The years after Sarah Bush Lincoln came to Indiana were happy ones for young Abraham. Afterward, when he spoke of this time, it was as “a joyous, happy boyhood,” which he described “with mirth and glee,” and in his recollections “there was nothing sad nor pinched, and nothing of want.” His parents enrolled him, along with the other four children in the household, in the school that Andrew Crawford had opened in a cabin about a mile
from the Lincoln house. Though Sarah Bush Lincoln was illiterate, she had a sense that education was important, and Thomas wanted his son to learn how to read and cipher.

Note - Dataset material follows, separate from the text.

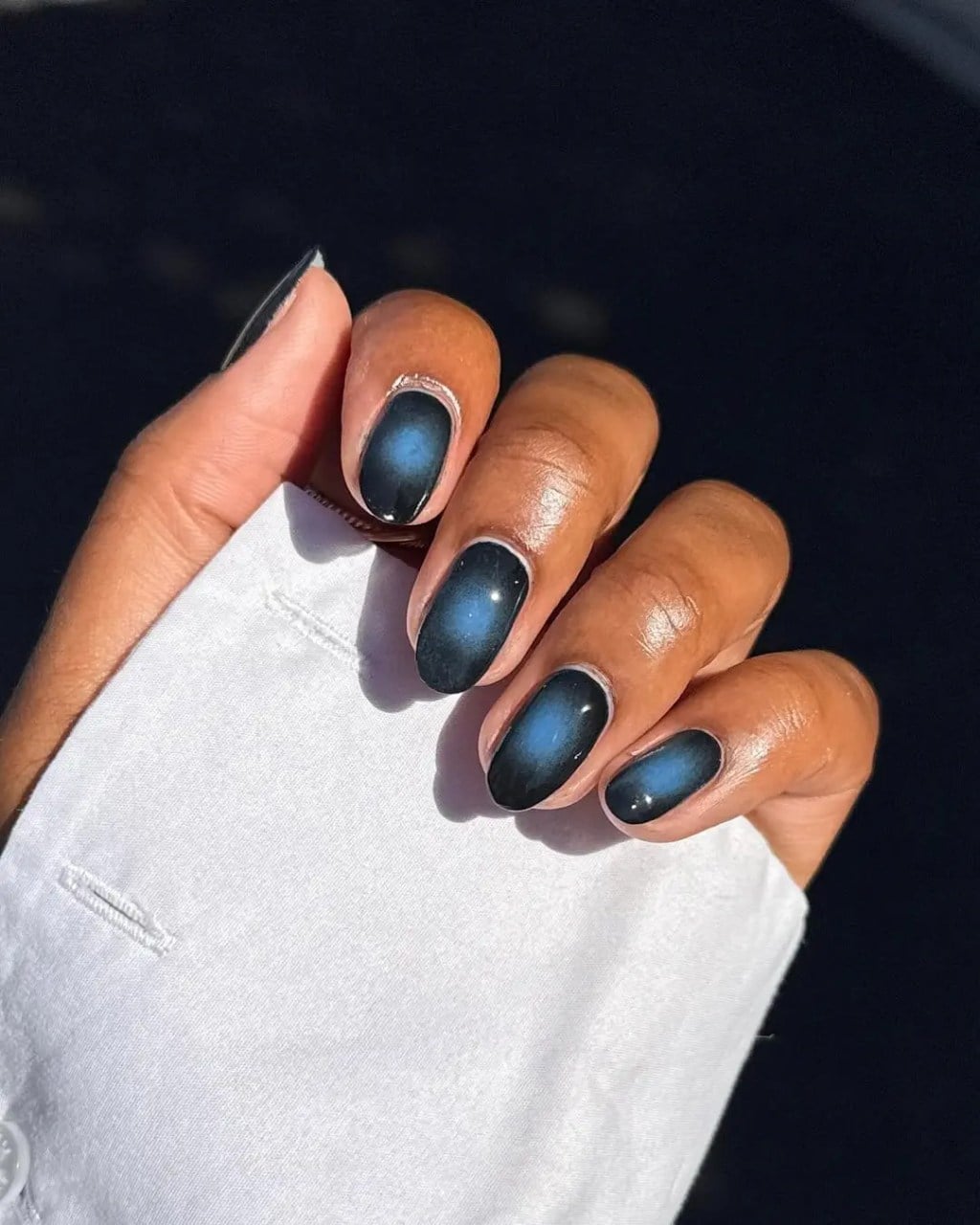 Glitter Glossy Black Short Oval Nails — Simple Short Black Nails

Possibly young Lincoln knew how to read a little before he entered Crawford’s school, but Dennis Hanks, who was only marginally literate himself, claimed credit for giving Abraham “his first lesson in spelling—reading and writing.” “I taught Abe to write with a buzzards quill which I killed with a rifle and having made a pen—put Abes hand in mind [sic] and moving his fingers by my hand to give him the idea of how to write.” Abraham learned these basic skills slowly. John Hanks, another cousin who lived with the Lincolns for a time, thought he was “somewhat dull... not a brilliant boy—but
worked
his way by toil: to learn was hard for him, but he worked slowly, but surely.” But Abraham’s stepmother understood him better, recognized his need fully to master what he read or heard. “He must understand every thing—even to the smallest thing—minutely and exactly,” she remembered; “he would then repeat it over to himself again and again—some times in one form and then in an other and when it was fixed in his mind to suit him he ... never lost that fact or his understanding of it.”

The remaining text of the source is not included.